Dans tous ces litiges, deux grands pôles s’opposent : (1) le droit de propriété, défendu par le propriétaire et (2) l’intérêt public, défendu par la municipalité ou une autre autorité publique. Ce qui est particulier est que les terrains en cause sont souvent des terrains boisés ou des espaces verts, lesquels sont de plus en plus rares et névralgiques dans le sud du Québec. Conclure trop rapidement à l’expropriation déguisée aurait pour effet, pour citer les juges Kasirer et Jamal dans l’arrêt Annapolis, de conférer un «gain inespéré aux promoteurs qui font de la spéculation aux frais des contribuables municipaux».

Qu’en est-il du jugement Pillenière, Simoneau?
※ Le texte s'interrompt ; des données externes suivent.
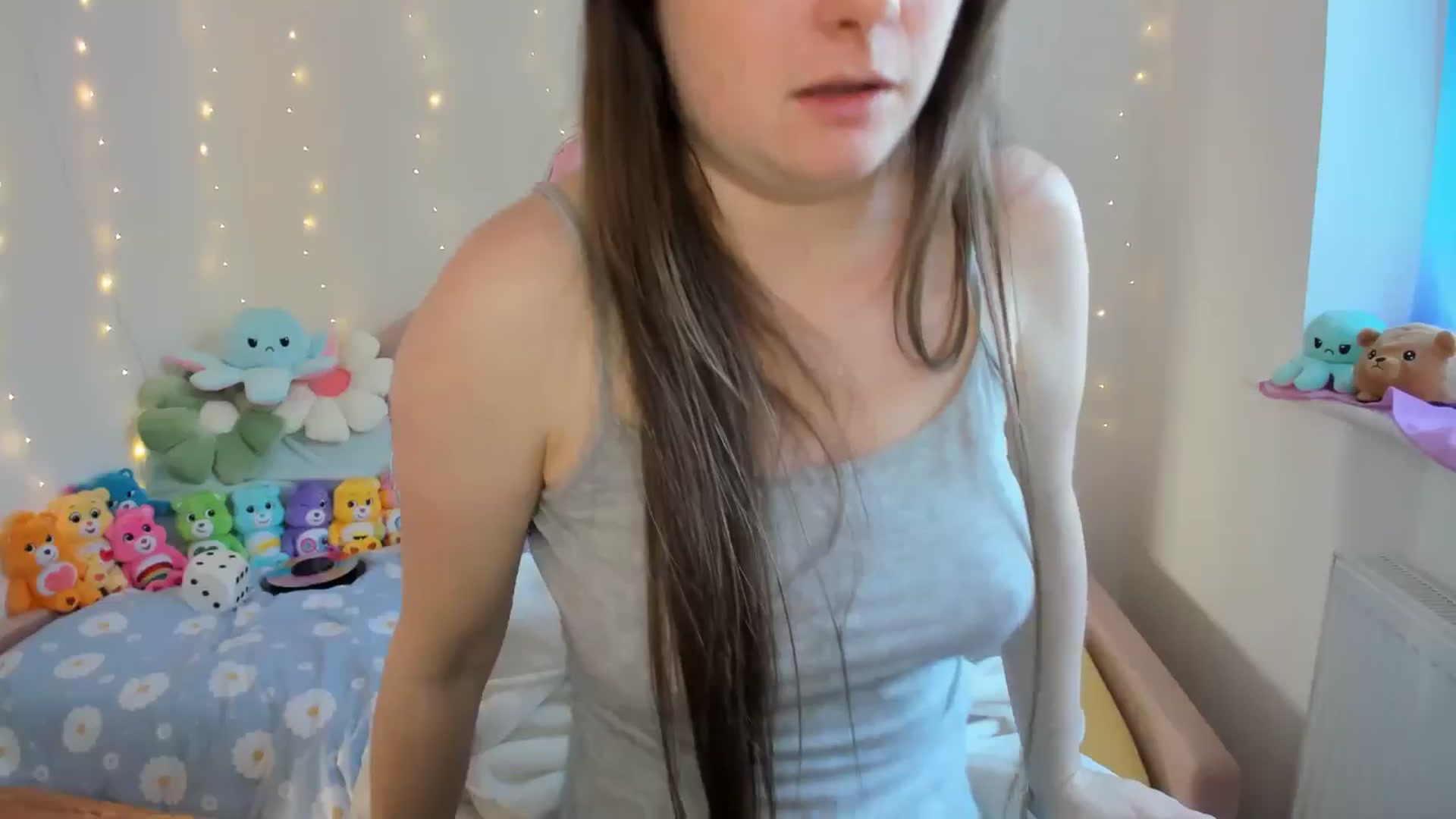 Gallery image thumbnail from JessieBear_'s myfreecams stream on, 09/17/2024, 17:09 image 4 of 20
Dans ce jugement de la Cour supérieure rendu en 2021 et cité par la Cour suprême dans Annapolis, des promoteurs avaient acquis des terrains où des usages résidentiels et commerciaux étaient autorisés. Or, la Ville de Saint-Bruno-de-Montarville adopte un nouveau règlement de zonage et quatre autres règlements d’urbanisme; les activités d’abattage d’arbres dans les milieux humides sont contrôlées et le développement résidentiel envisagé n’est plus possible. Les promoteurs allèguent faire l’objet d’une expropriation déguisée.

Ma collègue Marjolaine Parent a fait un excellent résumé de cette affaire sur ce blogue. L’honorable juge Lucas a ultimement rejeté le recours des promoteurs. D’une part, des usages récréotouristiques demeuraient possibles sur les terrains en litige. Mais surtout, la réglementation de la Ville de Saint-Bruno-de-Montarville prenait appui sur de nouveaux pouvoirs habilitants dans la L.A.U. Étant spécifiquement autorisée par la loi à protéger les milieux humides, la municipalité ne pouvait se voir reprocher de réglementer de façon abusive :

[83] En somme, en matière d’expropriation déguisée, les tribunaux condamnent l’exercice du pouvoir réglementaire à des fins qui dérogent de celles voulues par le législateur, des fins déguisées pour priver le propriétaire de ses droits. Par contre, il y a lieu de reconnaître que des dispositions réglementaires peuvent validement prohiber tout usage d’un terrain sans indemnisation, si elles sont autorisées par une loi habilitante, et notamment en raison de l’état ou de la situation du terrain, pour des raisons légitimes liées à la sécurité publique et à la protection de l’environnement sous 113(2) par. 16 LAU.

(…)

[109] En définitive, les contraintes imposées par la réglementation attaquée ne s’appuient pas sur le pouvoir de zoner (art. 113(2) par. 3 LAU), mais sur les pouvoirs spécifiques de régir et restreindre l’abattage d’arbres (art. 113(2) par. 12.1 LAU) et de protéger les milieux humides (art. 113(2) par. 16 LAU). En adoptant des dispositions réglementaires qui restreignent l’abattage d’arbres et ont pour effet de prohiber certains usages et constructions dans les milieux humides, le Tribunal estime que la Ville exerce son pouvoir législatif délégué d’assurer la protection de l’environnement.

Ce jugement n’a pas fait l’objet d’un appel; nous comprenons qu’il a plutôt fait l’objet d’un règlement entre les parties. Nous croyons cependant que celui-ci, conjugué aux nouveaux pouvoirs habilitants de la L.A.U., peut véritablement changer la donne : si les municipalités ne peuvent prohiber tout usage du terrain en vertu de leur pouvoir général de zoner, il est néanmoins possible que les conséquences de l’exercice des pouvoirs municipaux en matière de protection de l’environnement soient draconiennes.